We’re confident that bees are an important part of our ecosystem, but as consumers, we’re not always sure whether buying honey is helping, or hurting them. We spoke to Blaine Campbell from Honey I’m Home about terroir, sustainability, and honey, in order to find out how to get the best quality produce in a way which was sustainable and delicious.
Honey I'm Home
After beginning their beekeeping careers in 2010, Blaine and her husband Tristan suddenly found themselves with a huge influx of honey, they had more than they could give away to friends and family, and took a friend’s suggestion to sell at a local market. Seven years later, Blaine has just last month given up their last remaining market space, and is celebrating the second birthday of their Maylands store. Their store showcases West Australian honey from several hives of their own in addition to 5-6 similar sized producers, and 4-5 local retirees who keep their bees as a hobby but in some years still produce more honey than they can give away.
One side of the store is dedicated entirely to honey "just as the bees make it", whilst the wall opposite hosts gourmet lines including infused and whipper honeys alongside beeswax products. They even work with a local gelato maker to sell honey gelato in store. Working small and local allows Blaine to be sure that the people they represent in their store have similar values to their own, they can be sure that the apiarists they buy honey from are following similar beekeeping and hive management practices to their own, and that the artisans and producers they collaborate with are using local ingredients wherever possible, and employing sustainable practices.
Even the staff at Honey I’m Home are encouraged to live and breathe bees, “You can always talk to a beekeeper in our shop.” said Blaine "We try to get all of our employees into the hives so you can bring your ‘burning bee question’ to the shop at any time.”

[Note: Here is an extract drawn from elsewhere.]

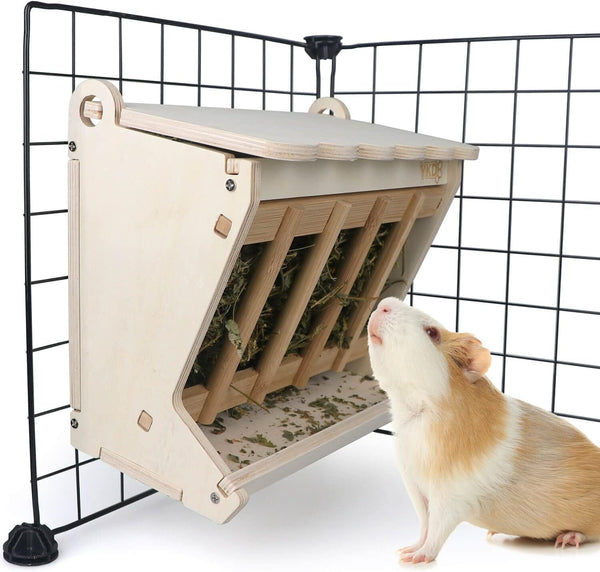Hanging Wooden Hay Feeder for Rabbits, Guinea Pigs, and Chinchillas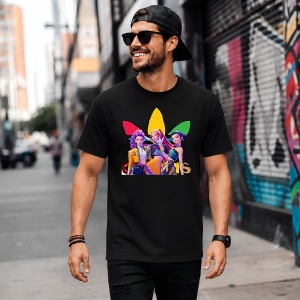 Tricou Huntrix K-Pop Style Urban Neon Purple Streetwear, din bumbac 100%, tricou negru, Copii | Dama | Barbat - Img 5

All of the honey at Honey I’m Home is raw and filtered only though mesh bags to remove any large chunks of wax. The resulting honey is nuanced and complex, tasting almost nothing like the honey you’d find at a supermarket. Blaine and the rest of the crew are more than happy to have you taste each of their honeys which vary remarkably from their different locations and flowers. "We’re primary producers, and so we’re dependent on what happened a year ago, even up to a decade ago.” said Blaine, "Things like soil, climate, topography and species variation all contribute to the honey.”
As there is no processing applied to the honey from the hives to the store, their honey is more likely than their commercial counterparts to crystallise. Crystallisation is a natural and reversible process which happens to all honey over time as the sucrose content begins to build lattices. Honey has an unlimited shelf life, so Blaine urges consumers not to throw out their honey when they see a few crystals.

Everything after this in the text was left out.